PROVIDED DATA.
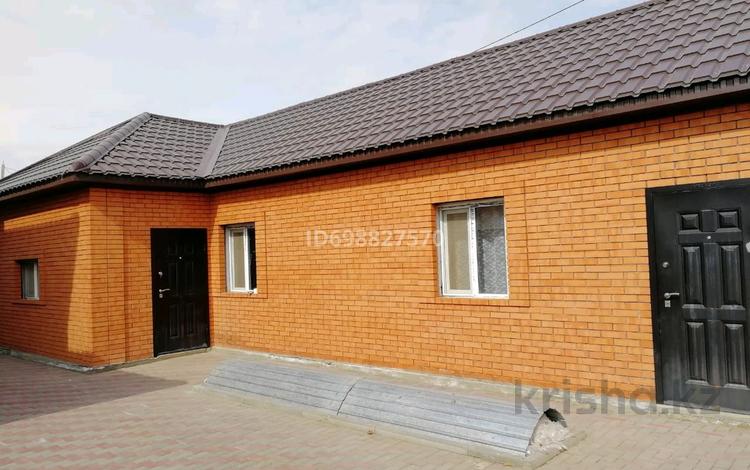 Үйдің бір бөлігі · 3 бөлме · 70 м² · 1 жүзд., Алтын орда ш/а., Саздинское лесничество 119 — Сзади Toyota центр, бағасы: 110 000 ₸ в Актобе, мкр. Алтын орда — фото 2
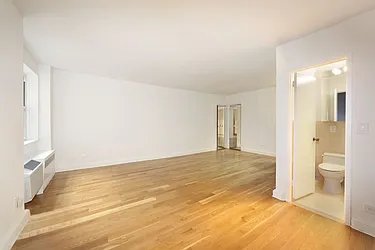 Rented by Manhattan Skyline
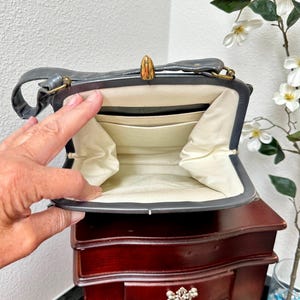Bolso de mano vintage de cuero de los años 50 con asa superior: bolso gris de mediados de siglo, Berna de California imagen 2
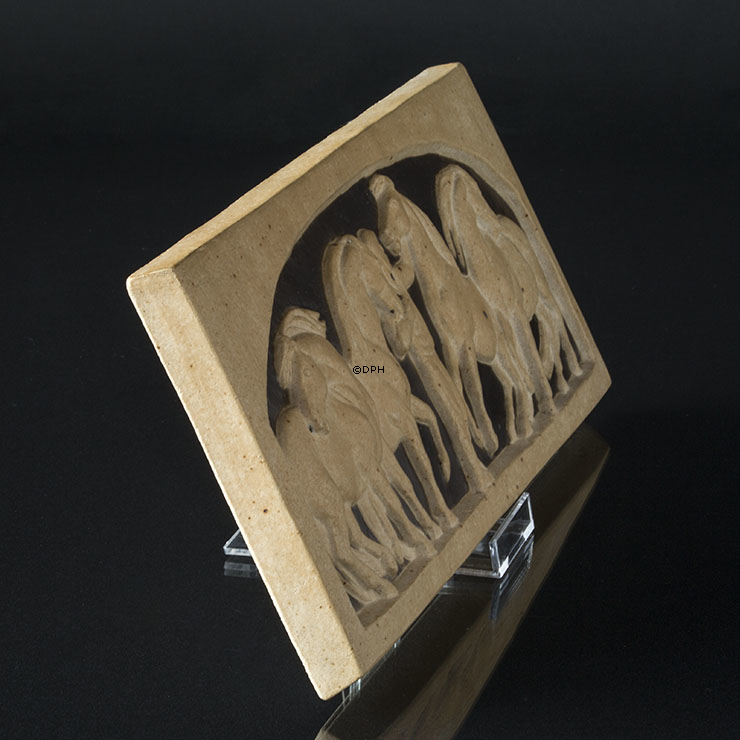 Relief mit Pferden und einem Pferdentrainer, Bing & Gröndahl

WORK ITEM. The whole listing above, minus its pictures, is what you should write out word for word.

REPLY.
 Үйдің бір бөлігі · 3 бөлме · 70 м² · 1 жүзд., Алтын орда ш/а., Саздинское лесничество 119 — Сзади Toyota центр, бағасы: 110 000 ₸ в Актобе, мкр. Алтын орда — фото 2
 Rented by Manhattan Skyline
Bolso de mano vintage de cuero de los años 50 con asa superior: bolso gris de mediados de siglo, Berna de California imagen 2
 Relief mit Pferden und einem Pferdentrainer, Bing & Gröndahl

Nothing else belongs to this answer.